Jun 30, 2026

Rate Limiting in Virtual MCP Servers: Per-User, Per-Tool, and Per-Tenant Controls

TL;DR

Agent traffic changed the math. A single agent conversation now chains ~8–15 tool calls in seconds (up from 2–3 in 2024). Rate limiting is now a cost, security, and reliability control at once.
Three failure modes, three keys. Runaway agents → key on the user; expensive-tool abuse → key on the tool; noisy neighbors → key on the tenant. Most teams instrument one and get blindsided by the other two, so layer all three.
Token bucket beats sliding window for agents. Bursty agent traffic is best absorbed by a token bucket with a burst allowance. Weight calls by cost (a DB query shouldn't spend the same budget as a trivial read) and count in sessions, not raw HTTP requests.
Mind the limits you don't own. Model-provider, gateway, and downstream SaaS ceilings fire regardless of your own rules. Set your edge limit against the tightest downstream ceiling so you slow traffic gracefully instead of relaying a wall of 429s.
Make every 429 actionable. Return machine-readable headers showing remaining budget and reset time, and guard against silent throttling (some providers return success with empty data when limited).

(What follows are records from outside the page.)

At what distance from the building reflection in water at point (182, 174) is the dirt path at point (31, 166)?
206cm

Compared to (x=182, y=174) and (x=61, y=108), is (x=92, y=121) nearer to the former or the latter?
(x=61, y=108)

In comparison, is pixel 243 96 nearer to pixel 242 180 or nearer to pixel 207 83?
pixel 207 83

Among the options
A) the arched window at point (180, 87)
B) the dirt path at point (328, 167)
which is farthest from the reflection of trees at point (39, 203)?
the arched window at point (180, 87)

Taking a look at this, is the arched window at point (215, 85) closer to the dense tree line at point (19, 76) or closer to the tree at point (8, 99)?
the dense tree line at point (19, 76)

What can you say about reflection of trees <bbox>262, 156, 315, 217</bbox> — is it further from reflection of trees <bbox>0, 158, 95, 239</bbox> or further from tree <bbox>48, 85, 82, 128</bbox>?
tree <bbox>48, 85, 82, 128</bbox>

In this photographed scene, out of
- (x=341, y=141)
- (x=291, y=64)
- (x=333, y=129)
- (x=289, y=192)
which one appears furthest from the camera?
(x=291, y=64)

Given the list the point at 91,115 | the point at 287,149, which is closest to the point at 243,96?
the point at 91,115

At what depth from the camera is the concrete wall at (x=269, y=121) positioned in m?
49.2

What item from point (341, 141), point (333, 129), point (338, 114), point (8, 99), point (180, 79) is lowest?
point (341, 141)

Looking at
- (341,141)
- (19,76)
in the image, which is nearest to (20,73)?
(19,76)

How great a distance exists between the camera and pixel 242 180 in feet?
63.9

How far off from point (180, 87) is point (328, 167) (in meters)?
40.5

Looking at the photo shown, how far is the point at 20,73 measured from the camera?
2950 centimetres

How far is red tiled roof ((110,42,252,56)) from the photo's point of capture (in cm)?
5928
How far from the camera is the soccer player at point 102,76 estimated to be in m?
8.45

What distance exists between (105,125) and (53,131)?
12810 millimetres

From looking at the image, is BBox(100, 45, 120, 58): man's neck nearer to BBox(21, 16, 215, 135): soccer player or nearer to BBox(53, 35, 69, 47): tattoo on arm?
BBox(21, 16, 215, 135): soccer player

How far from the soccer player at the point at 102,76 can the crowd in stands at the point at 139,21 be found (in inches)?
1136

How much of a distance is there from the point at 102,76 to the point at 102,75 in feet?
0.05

A virtual MCP server turns a set of tools into something a language model can drive at full speed. That is the point of it, and it is also the problem. A request pattern that looked like a careful human a year ago now looks like a burst of automated calls, because a single agent conversation commonly chains many tool calls in seconds rather than minutes.

Why this is not ordinary API throttling

The numbers make the shift concrete, and they are worth keeping in mind as design constraints:

A single agent conversation now averages roughly 8 to 15 tool calls, up from 2 to 3 in 2024, according to field reports.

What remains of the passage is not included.